Most websites have a skewed distribution and follow an 80–20, if not, 90–10 rule; which means that when you look at an average session duration of say, 2 minutes, you might think that 50% of your users spend more than 2 minutes and the other, less. However, you are more likely to find that 80% of users spend way less than 2 minutes, probably somewhere between 0–20 seconds and the other 20% of users spend a long time, maybe more than 5–7 minutes and this smaller segment of users tends to skew the average.

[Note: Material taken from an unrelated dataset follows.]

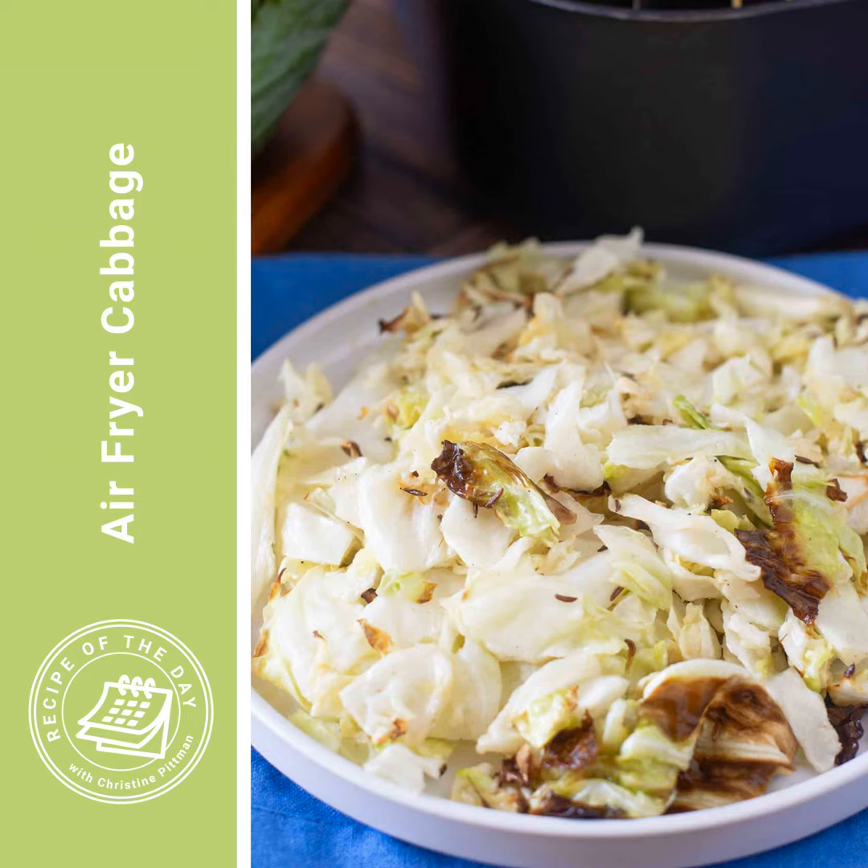This recipe actually starts with a little sweet butter sauce that has caraway seed in it. The sweetness helps some of the caramelization to happen for the cabbage, and it's just really tasty. You do not have to do all of that, though — you can just do the butter, salt, pepper, and garlic powder.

Another error that I have seen being made is in computing an average of averages in custom reports where these metrics are featured. For example, if you are looking at bounce rate and avg session duration by source and medium, and you download this data and try to recalculate these metrics at a source level, be careful to not compute an average of avg session duration and bounce rate

5. Filtering out internal sessions

Depending on the size of your business, excluding employees and other internal traffic can be an important issue to tackle. Internal traffic is not likely to resemble your users and will skew important metrics like sessions, page views, and session duration. Although there is no foolproof method of filtering out all these sessions, we can still eliminate them to a great extent and make sure that they don’t bother your main metrics.

i. Use IP address filtering to block employees — This is applicable if your company has a static IP address range. Make sure you don’t mess with the ‘All Website Data’ view and implement this first on a second view (There is no way for you to get back unfiltered data if you alter the all website data view)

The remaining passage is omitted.